__TASK ITEM__. Could you repeat, exactly and with no pictures, only the lines from the start of the records through the line containing "These plains were"?

__MATERIAL FOR THIS EXERCISE__.
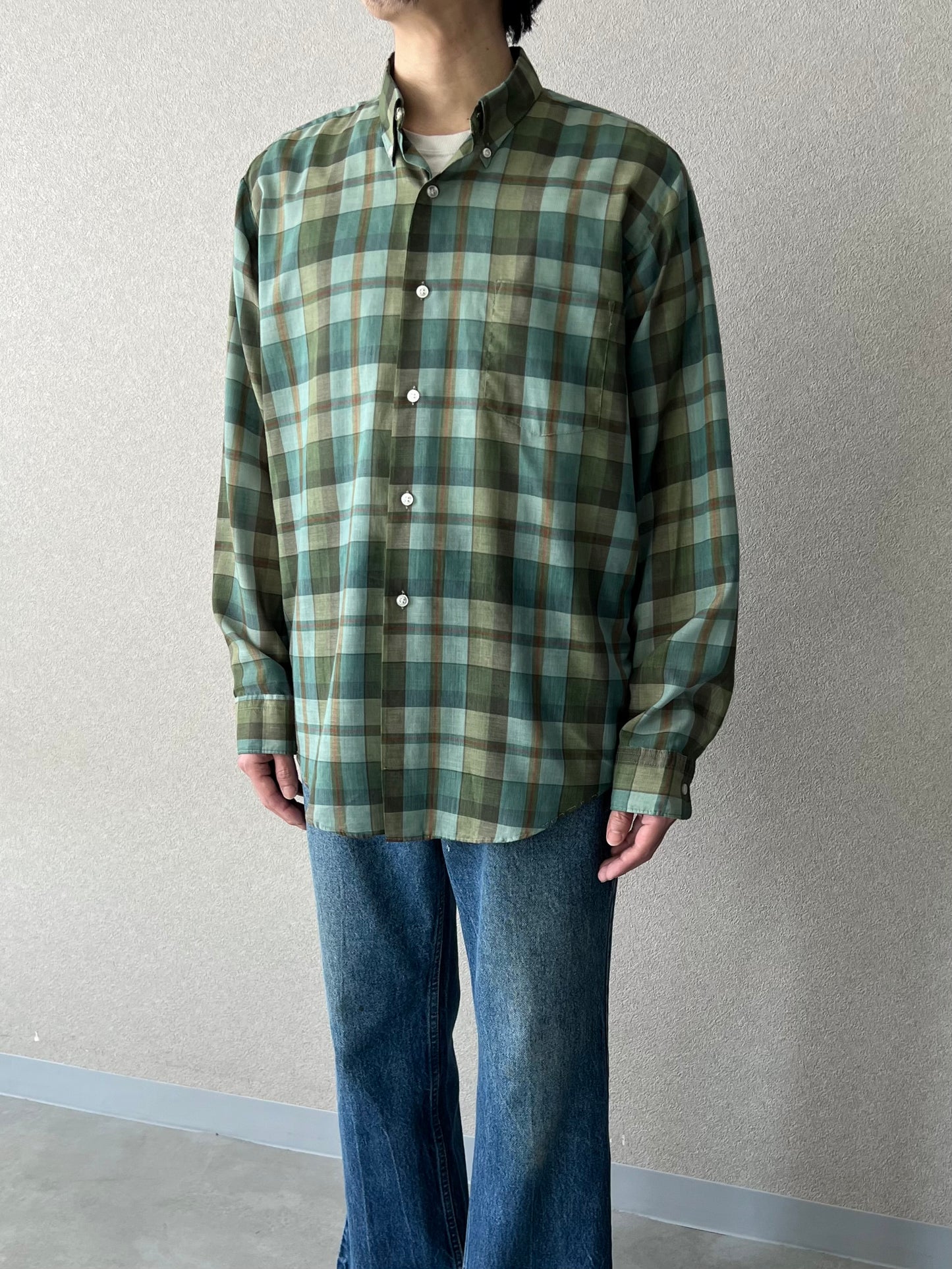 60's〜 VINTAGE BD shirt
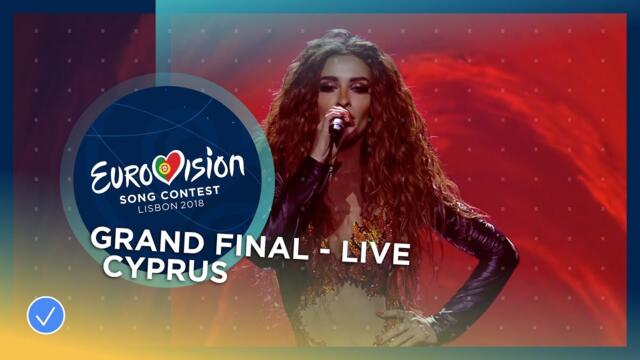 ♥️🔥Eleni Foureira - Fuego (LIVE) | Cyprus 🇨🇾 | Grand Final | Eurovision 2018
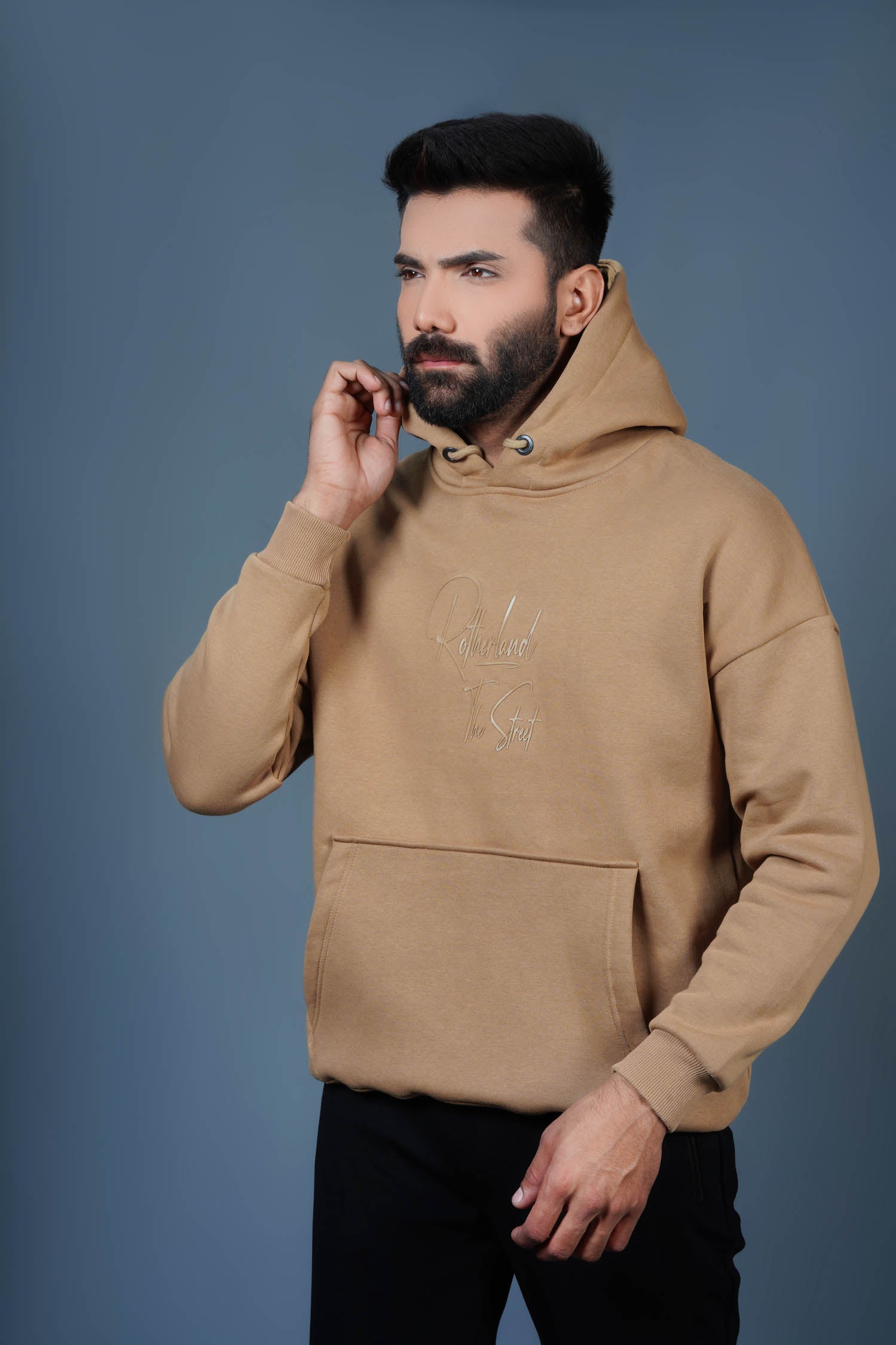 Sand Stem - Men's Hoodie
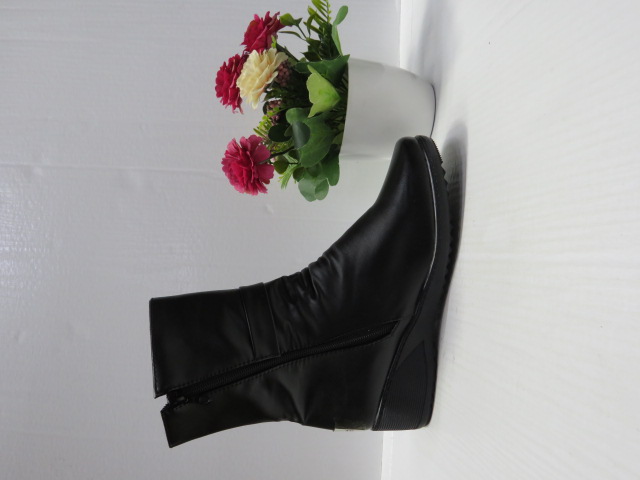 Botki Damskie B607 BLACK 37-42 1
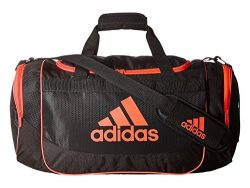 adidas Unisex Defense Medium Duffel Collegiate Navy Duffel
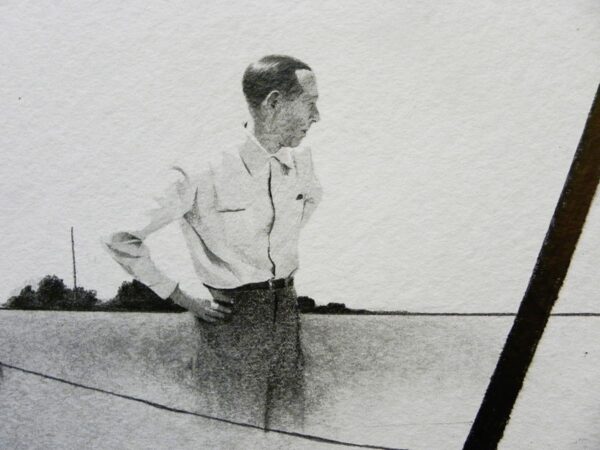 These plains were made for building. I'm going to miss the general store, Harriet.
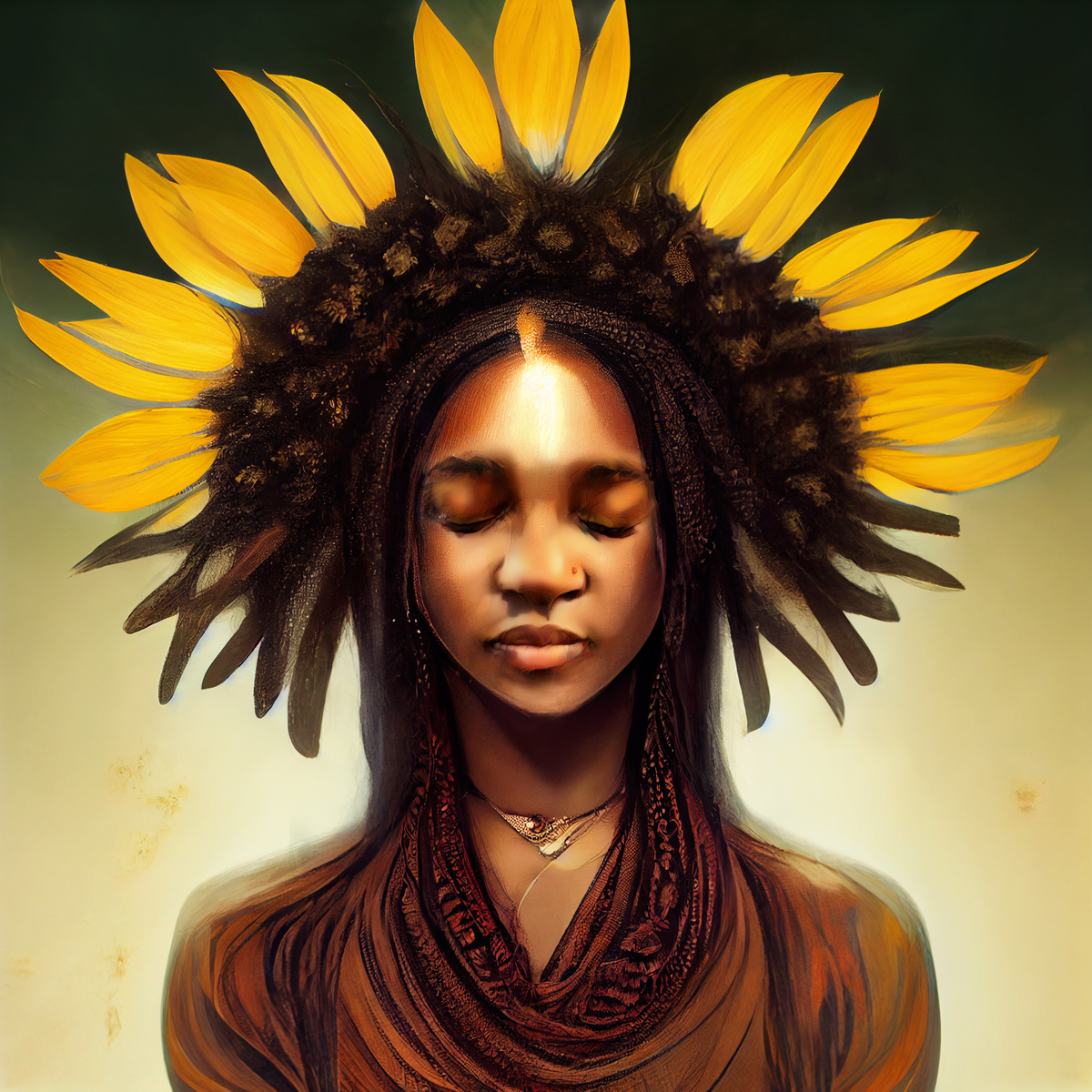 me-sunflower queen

__ANSWER TO THIS EXERCISE__.
 60's〜 VINTAGE BD shirt
 ♥️🔥Eleni Foureira - Fuego (LIVE) | Cyprus 🇨🇾 | Grand Final | Eurovision 2018
 Sand Stem - Men's Hoodie
 Botki Damskie B607 BLACK 37-42 1
 adidas Unisex Defense Medium Duffel Collegiate Navy Duffel
 These plains were made for building. I'm going to miss the general store, Harriet.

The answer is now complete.